# Dichter und Denker



## alexanderneipp (9. Juni 2002)

Hallo alle hier!

Hab mal ne Frage: Wie ich weiß sind einige hier doch auch als Dichter (und Denker) aktiv.
Was mir heute Nacht durch den Kopf geschossen ist, war eine Community für so etwas aufzubauen.

Was haltet ihr davon? Wärt ihr dabei?

Das Ganze soll auch ein Forum enthalten und noch ne Abteilung mit edn Famous Last Words oder so...!

Grüße
AlexAlexanderNeipp.de


----------



## Nuklearflo (18. Juni 2002)

Die Idee an sich finde ich nicht schlecht, nur weiß ich nicht, wie populär eine solche Community werden würde bzw. wie viele Leute sich dort einfinden würden...


----------



## RedZack (18. Juni 2002)

Das klingt nach einer ziemlich niveuvollen Angelegenheit.

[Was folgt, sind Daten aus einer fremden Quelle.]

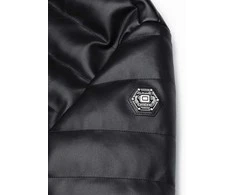 vyriška vidutinio sezono bomber striukė - juoda c602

Lange Diskussionen sind da eigentlich vorprogrammiert, nur fände ich es schwierig da die passenden Themen zu finden. Politik? Religion? Der Sinn des Lebens? Also ich wäre durchaus interessiert.


----------



## alexanderneipp (19. Juni 2002)

Gut, freut mich, dass doch Interesse besteht.
Ich denke ich werde mich dann einfach mal an die Umsetzung machen. Das Design steht und ein Forum werd ich auch noch rein basteln.

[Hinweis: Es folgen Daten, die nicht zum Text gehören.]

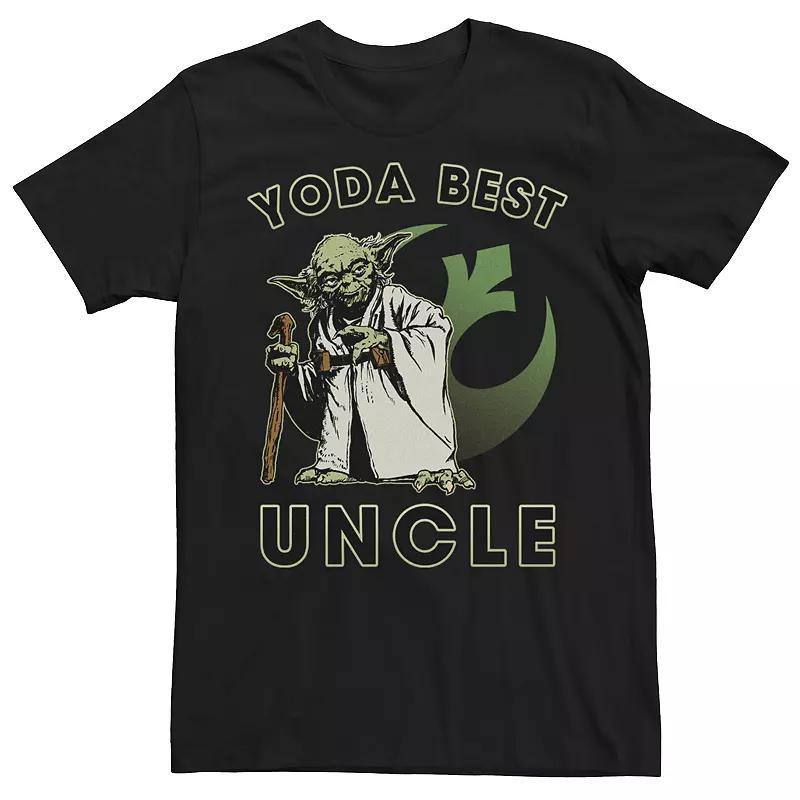 Mens Star Wars Yoda Best Uncle Graphic Tee Product Image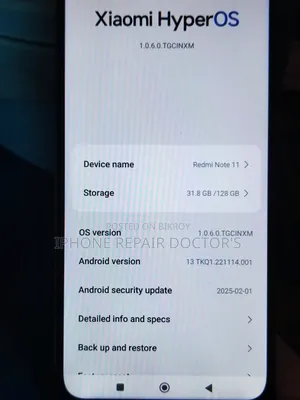 Xiaomi Redmi Note 11 128 GB সাদা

Habt ihr euch schon einmal Gedanken zu den Untergruppen gemacht?
Habt ihr ne Idee für eine URL? Sonst könnten wir http://www.evsquare.com nehmen...! (Ne lange Geschichte... hat aber was mit meinen Gedichten zu tun...).

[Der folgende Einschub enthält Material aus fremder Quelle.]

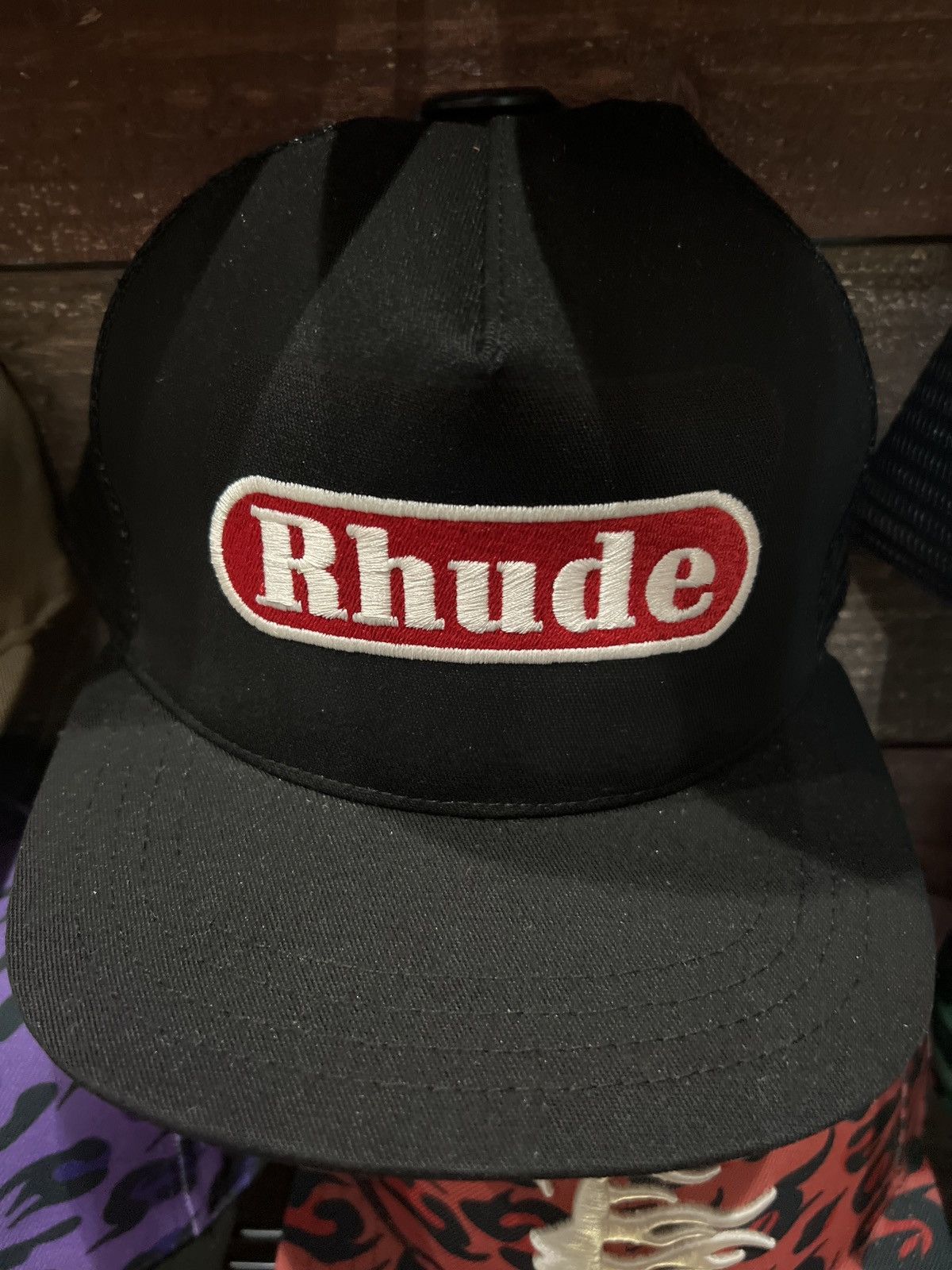Rhude Rhude Pit Stop Hat Black/Red Size ONE SIZE - 1 Preview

Ich denke schon, dass sich das Forum nach einiger Zeit rum sprechen wird. Hab leider bisher noch nichts vergleichbares gefunden und ich denke schon, dass man sich gut über solche Gedichte unterhalten kann. Sogar stundenlang, was ich durchaus interessant finde.

Viele Grüße


----------



## Nuklearflo (19. Juni 2002)

Also, hier mal ein paar Vorschläge:
"Hobby-Gedichte-Schreiber" könnten ihre Gedichte dort anonym (oder auch nicht) veröffentlichen und somit auf kreatives Feedback hoffen.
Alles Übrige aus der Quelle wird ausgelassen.